Most of our work in nonprofit is basically fighting white supremacy, capitalism, and right-wing ideologies. Almost every single issue will stem from one or more of those things. Our common agenda should be to elect more progressive people of color (especially women of color) into office, reverse Citizens United to decrease corporations’ influence on politics, protect and expand voting rights, and change the tax code to ensure wealthy people pay their fair share of taxes. Those four things, if we can advance them, would make a tremendous dent in many of the problems we’ve been trying to solve in silos.
Progressive-leaning foundations need to fund completely differently: And by that, I mean fund the way conservative funders fund, as outlined here in “10 things progressive funders must learn from conservative ones, or we are all screwed.” Increase your payout rates, fund faster, provide multi-year general operating dollars, and stop being distracted by meaningless and time-wasting crap like micromanaging nonprofits with tedious grant applications and reports. Also, stop fixating on single-issue trees and start looking at the whole injustice forest.
Those things should be basic by now. We need funders and donors to significantly increase financial support of progressive political candidates, networks of progressive leaders, progressive media and pundits, legal defense for progressive leaders and organizations as they do their work and run into trouble, and of course progressive nonprofits and movements focusing on policy and advocacy work. All of those things, together, is collective impact at a scale we need to start shifting systems.
Nonprofits need to stop being so nice and get a lot angrier. During this surreal episode where there was a global countdown to the release of the video of Tyre Nichols being murdered by the police, many people, like these folks, were more concerned about the potential “disorder” by protesters than by the injustice itself. It shows what our society values; not justice, but order. And our sector often reinforces this.

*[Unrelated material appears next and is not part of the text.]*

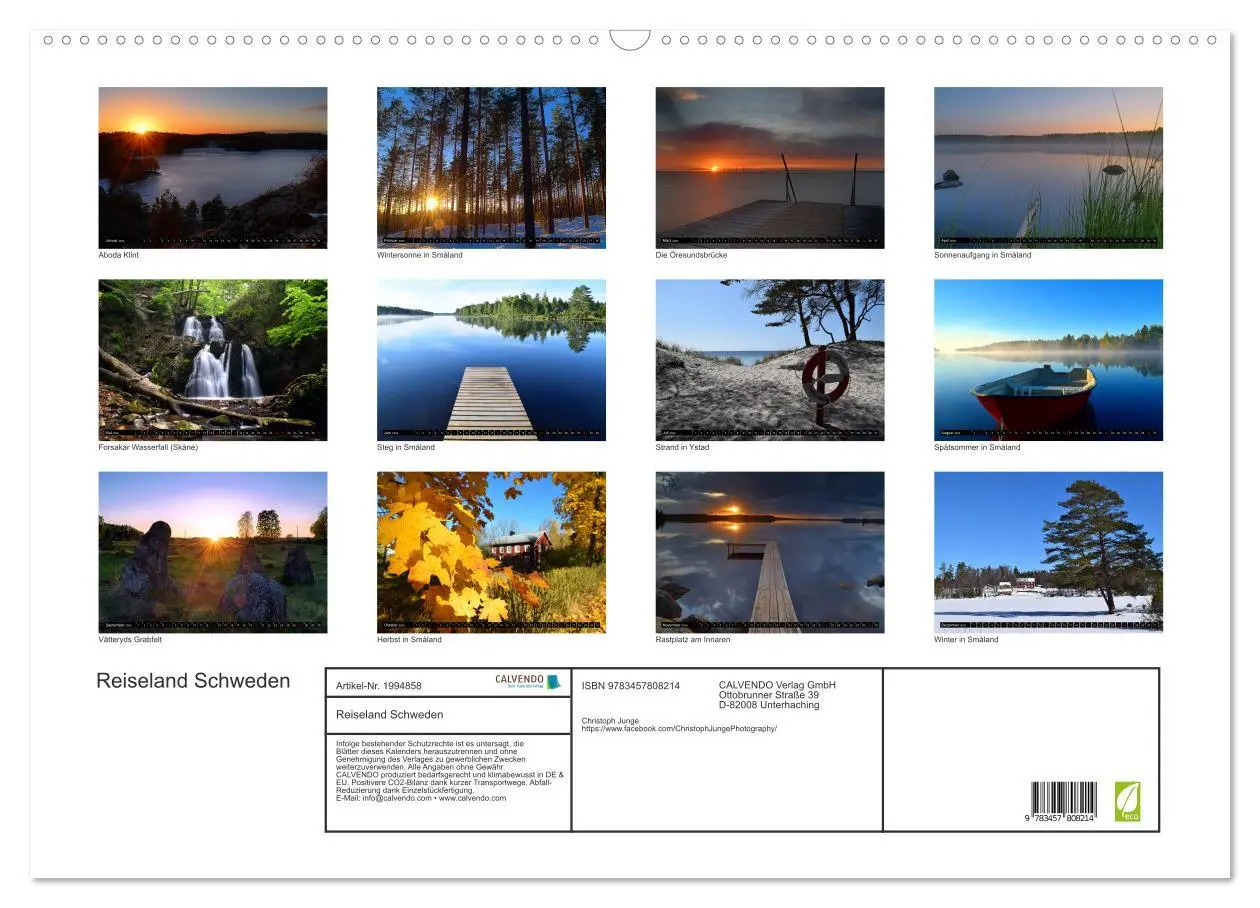 Bild: 9783457808214 | Reiseland Schweden (Wandkalender 2026 DIN A2 quer), CALVENDO...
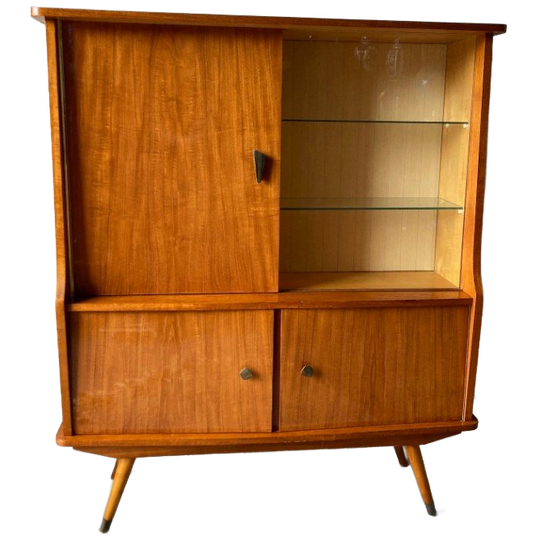 Retro Vintage Mid-century Dressoir,high-board,barkast,vitrine 1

I want us to get angrier. Not just at the various forms of relentless injustice we have been tasked with doing something about, but also at the fact that we are expected to do it with 10% of the resources we need, resources that come with endless conditions and restrictions. We’ve been conditioned to be calm and level-headed and grateful, and over time, our imagination has been dimmed, our common vision narrower and narrower. It’s been affecting our ability to work together collectively to advance a just and equitable world. We need to restore both our righteous anger and our imagination.

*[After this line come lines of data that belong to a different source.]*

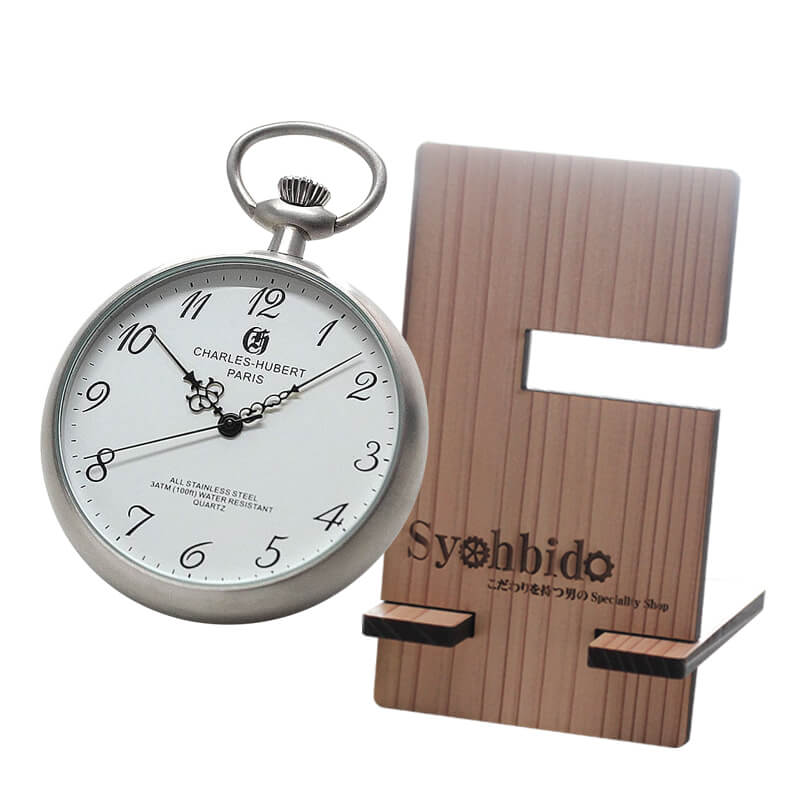 正美堂オリジナル　懐中時計 時計スタンド　セット　9835116-syohbido-woodstand
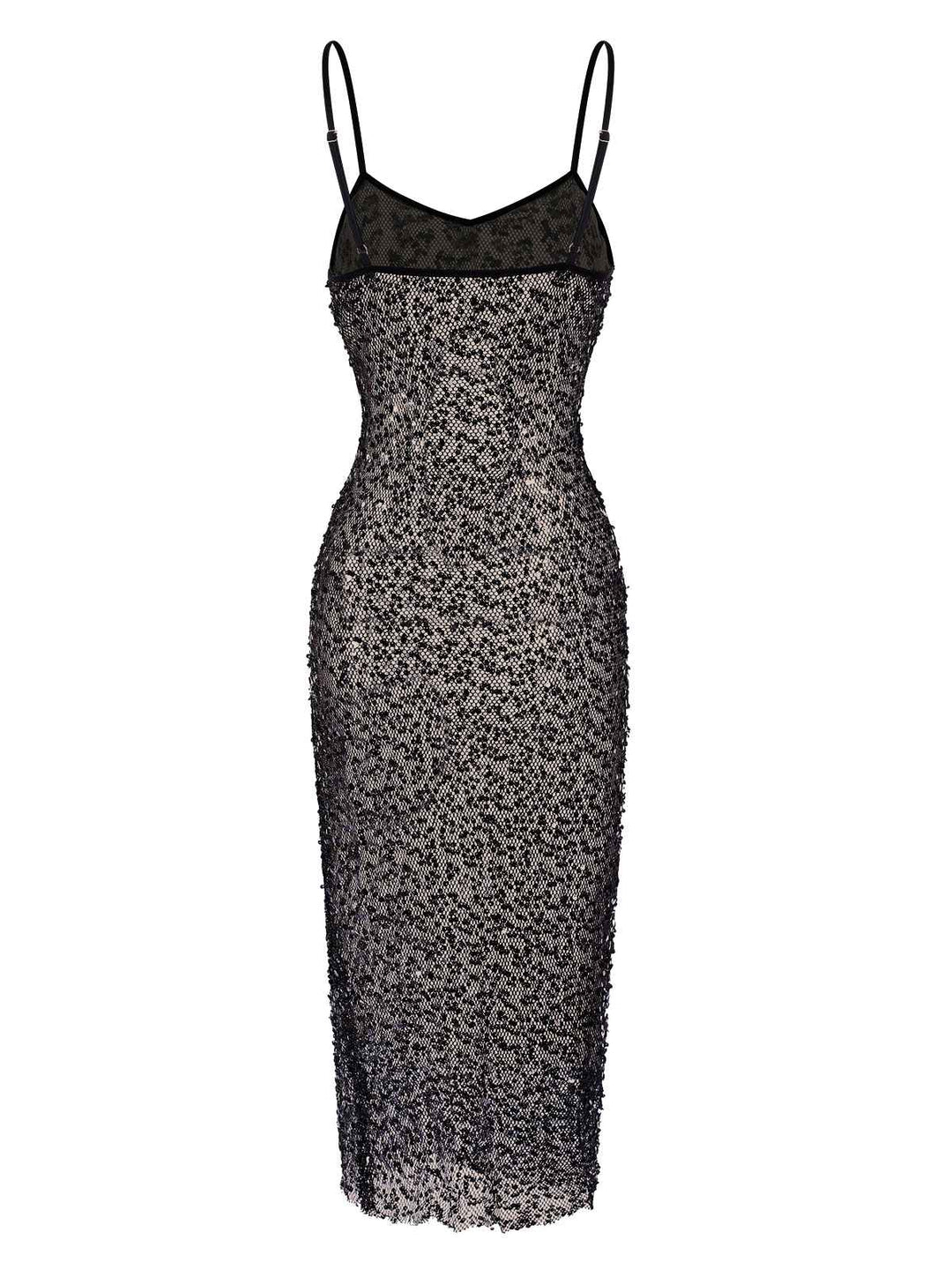 Black 1960s Sequined Spaghetti Straps Dress, vintage dress, retro fashion - perfect for women who love vintage and retro fashion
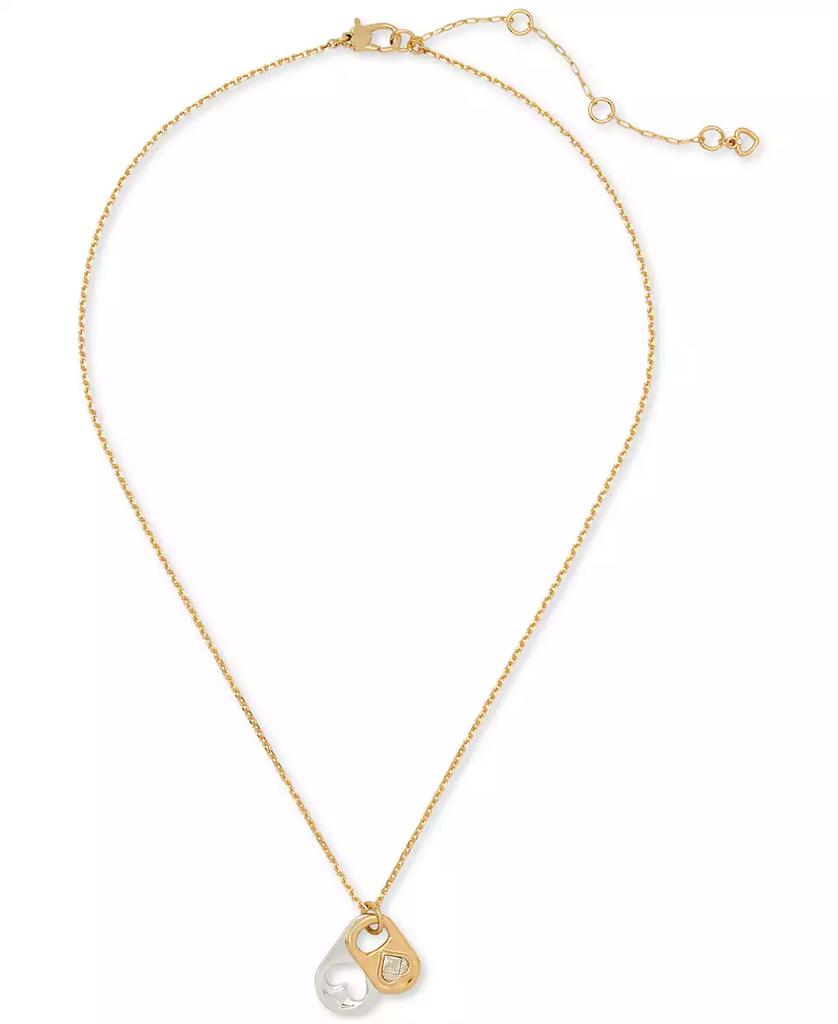 Kate Spade Two-Tone Double Pop Tab Pendant Necklace, 16" + 3" extender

I’m going to stop here. In general, while progressives throw around terms like “collective impact,” conservative organizations, leaders, and funders have been implementing these concepts extremely effectively. Progressives are far behind. We need to catch up. This week, we can write statements condemning police brutality. After that, though, we need to work together—differently, with a broader vision, with more creative strategies—to end it and end other forms of injustice.